The Imposter (2012) Review
The Imposter is one of the most recommended documentaries on the Internet, but are the layers of deception true to the genre?
Director: Bart Layton
The Imposter tells the unbelievably fascinating story of how French man Frédéric Bourdin impersonated a missing Texan boy, going as far as not only fooling Government officials but also the boy’s own family. If you haven’t watched it I highly recommend that you do so and do not read anymore about the events that unfold. Seriously, stop reading right now and go watch it. I personally thought it is one of the most unique documentaries I have ever seen, with any complaint I had at the film’s start being completely nullified by the end. But what exactly was up with that last third of The Imposter? What is the director really trying to say?
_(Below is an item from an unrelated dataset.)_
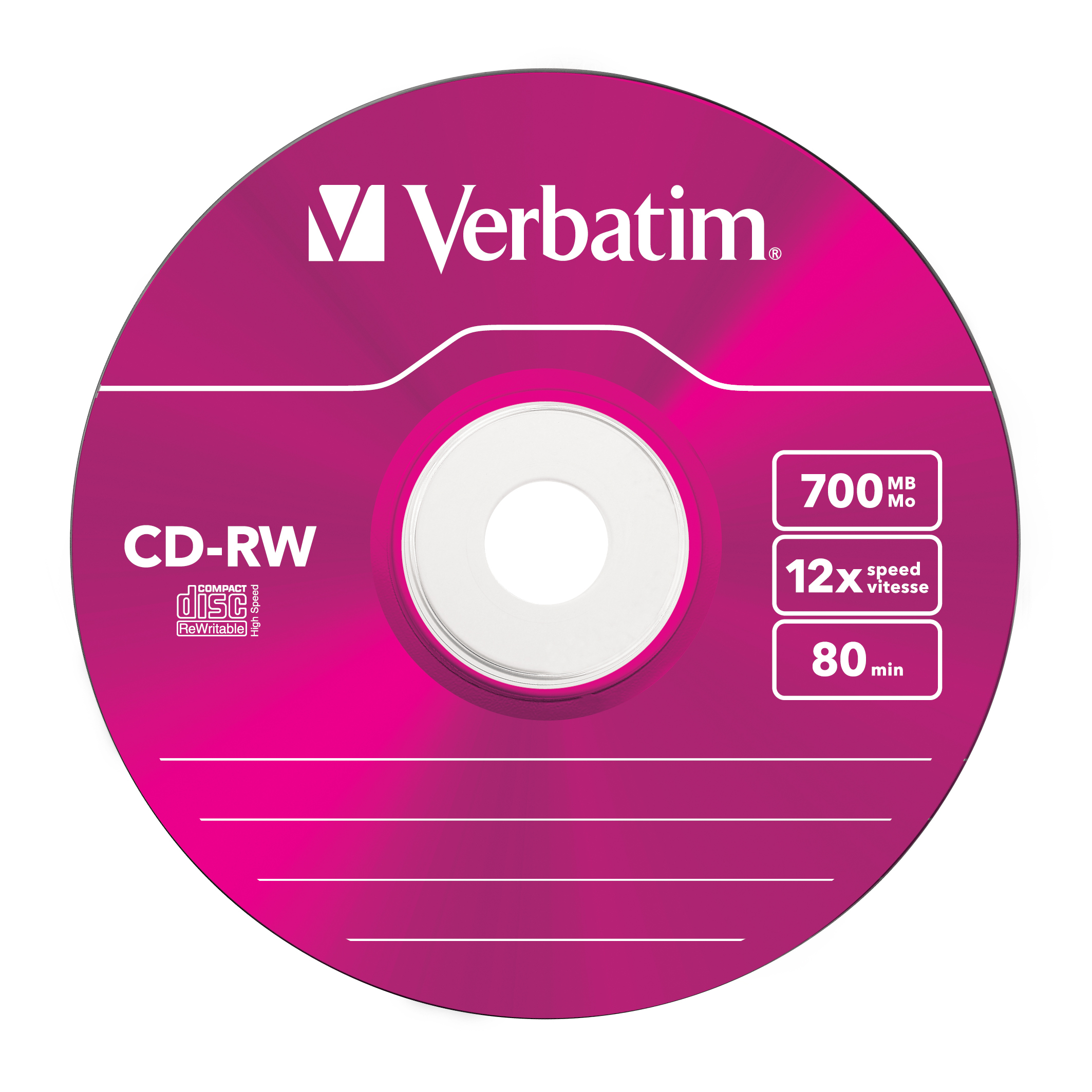Verbatim DataLifePlus Hi-Speed - 5 x CD-RW - 700 MB (80 Min)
And can you even call this a true documentary?
Spoilers for The Imposter (2012) below
Throughout The Imposter there are small hints of struggles within the family, which could lead you to think that they may have murdered Nicholas before Bourdin even suggests it. It makes you feel clever for realising this twist before it happens and helps to cement that this theory could be a very high possibility. Suddenly the whole pace and atmosphere changes. Bourdin goes from a trickster to someone being played themselves. The family from one that seemed happy to have their missing Son back to this defensive and confrontational interconnected web. It really brings an air of who can you really trust? Was Bourdin actually in danger of being hurt, or worse? But despite the fact that the documentary even states that they have never been charged due to there being no evidence, the Internet message boards are full of people saying that they did do it. That it is so blindingly obvious and that there is no other possible explanation. Even someone who apparently knows the family took to IMDB to defend them, stating that ‘the producers should be ashamed of themselves‘ for bringing these accusations to a wide audience. But that’s missing the whole point of The Imposter, because the twist is fake. The director isn’t hinting at the family killing Nicholas, not even for a second.
The Twist is Fake
The true aim of The Imposter is not to tell the story of the events that unfolded. It is not to suggest that the family should be investigated more thoroughly for murder. Instead, all along the film’s goal was to show how someone can be manipulated by a con artist into believing whatever they want you to believe. In the case of the family this was that he was indeed Nicholas. In the case of the audience it’s that they killed him. Every Frame A Painting has explored how this was achieved from a directorial standpoint in the video below.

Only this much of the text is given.